Jiwon Lee Wang, Rush Medical College of Rush University Medical Center, Chicago, IL, United States; Megan Kraemer, Rush University Medical Center, Chicago, IL, United States; Tricia J.. Johnson, RUSH University, Chicago, IL, United States; Katherine Bell, Brigham and Women’s Hsopital, Boston, MA, United States; Brad Appelhans, Rush University Medical Center, Chicago, IL, United States; Aloka L. Patel, Rush Medical College of Rush University Medical Center, Chicago, IL, United States
Fellow Rush Medical College of Rush University Medical Center Chicago, Illinois, United States
Background: It has been well-established that optimizing nutrition in preterm (PT) infants is essential to their growth and neurocognitive development, with detrimental effects associated with inadequate nutrition. In addition to growth, body composition of the PT infants is also linked with later health outcomes. Nutritional studies have focused on the adequacy of protein provision. One method of measuring adequate protein intake is serum blood urea nitrogen (BUN), and serial BUN levels may be used to guide protein provision. However, there is a lack of data regarding the association between serum BUN levels and body composition of PT infants.
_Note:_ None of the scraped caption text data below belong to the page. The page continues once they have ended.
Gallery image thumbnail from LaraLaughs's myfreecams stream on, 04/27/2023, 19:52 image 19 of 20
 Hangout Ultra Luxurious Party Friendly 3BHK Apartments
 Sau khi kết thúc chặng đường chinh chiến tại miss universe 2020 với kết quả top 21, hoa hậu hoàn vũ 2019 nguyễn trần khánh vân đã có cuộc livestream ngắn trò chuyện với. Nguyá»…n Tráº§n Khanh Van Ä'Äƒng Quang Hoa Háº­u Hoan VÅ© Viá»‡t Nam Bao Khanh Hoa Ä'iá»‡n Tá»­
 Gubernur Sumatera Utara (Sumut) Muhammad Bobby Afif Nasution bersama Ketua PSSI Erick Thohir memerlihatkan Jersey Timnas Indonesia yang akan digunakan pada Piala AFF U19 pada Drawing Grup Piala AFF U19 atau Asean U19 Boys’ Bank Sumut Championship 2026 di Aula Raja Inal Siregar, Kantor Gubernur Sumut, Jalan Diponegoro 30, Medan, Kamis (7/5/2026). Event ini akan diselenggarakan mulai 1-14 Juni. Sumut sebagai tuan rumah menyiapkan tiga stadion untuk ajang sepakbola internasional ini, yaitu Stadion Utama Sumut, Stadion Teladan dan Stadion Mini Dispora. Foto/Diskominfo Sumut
Objective: To evaluate the association between serum BUN levels and body composition of PT infants. We hypothesize that PT infants with suboptimal levels of serum BUN will have decreased fat-free mass compared to PT infants with normal BUNs. Design/Methods: Prospective cohort study of PT infants born at < 32 weeks gestational age or with birth weight < 1500 grams. We measured body composition utilizing bioimpedance analysis (BIA) at time of discharge from the neonatal intensive care unit (NICU). Serum BUN measured as standard of care while in the NICU were abstracted from the electronic medical records along with anthropometric data, feeding history, demographic data, medical history, and maternal perinatal history. We will compare the body composition between subjects with all BUN levels in the normal range (≥10 per previous studies) and subjects with suboptimal BUN levels. BIA data will be evaluated as a continuous variable and described in terms of means or medians depending on the distribution curve. Regression analyses will be conducted to determine the difference in BIA between the two groups, adjusting for significant covariates. Data collection was conducted for 66 subjects from January 2022 to October 2024 and data analysis will be completed by January 2024. This study was approved by the Rush University Medical Center IRB and informed consent was obtained from a parent/guardian.